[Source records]
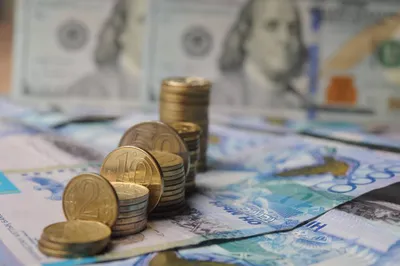 Тенге начал торги с отметки 343 за доллар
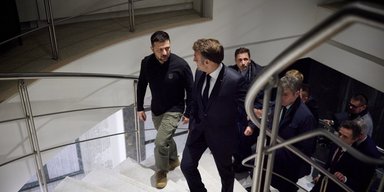 Підозрюють у шпигунстві на РФ: ЄС звільнив перекладачку, яка нотувала закритий виступ Зеленського
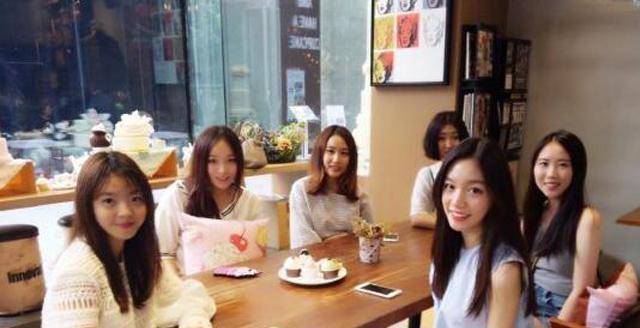 华谊千金王文也又晒和小鲜肉男闺蜜亲密合照,两人真实关系引猜测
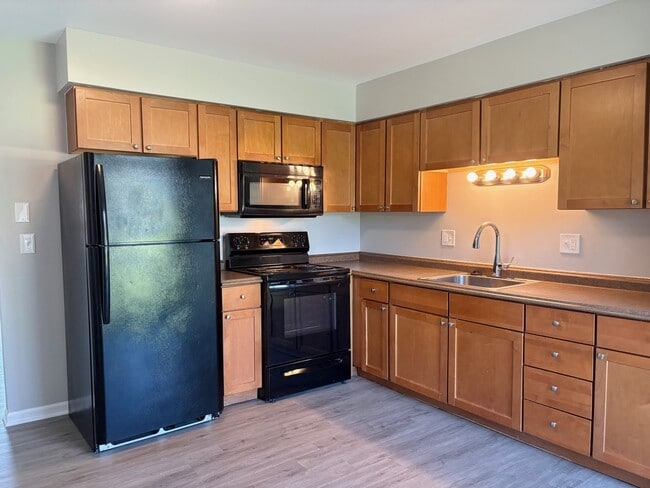 Photo - 724 Oakton Rd
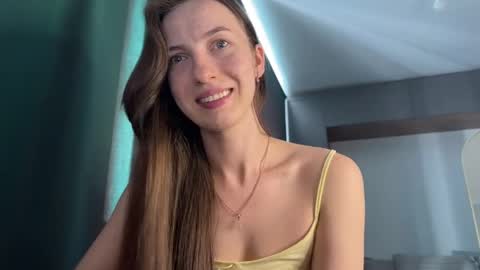 prettyyy_angel online show from June 2026 02:01:01 PM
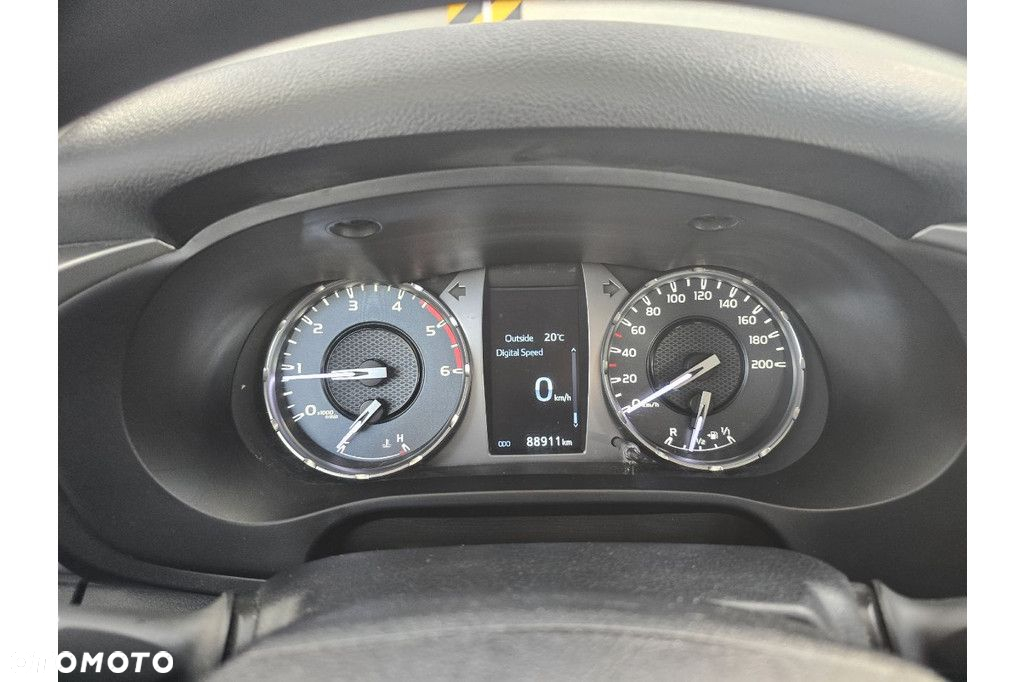 Toyota Hilux - 5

§ What you should do
Copy out all the data exactly; skip the pictures.

§ Result of this exercise
 Тенге начал торги с отметки 343 за доллар
 Підозрюють у шпигунстві на РФ: ЄС звільнив перекладачку, яка нотувала закритий виступ Зеленського
 华谊千金王文也又晒和小鲜肉男闺蜜亲密合照,两人真实关系引猜测
 Photo - 724 Oakton Rd
 prettyyy_angel online show from June 2026 02:01:01 PM
 Toyota Hilux - 5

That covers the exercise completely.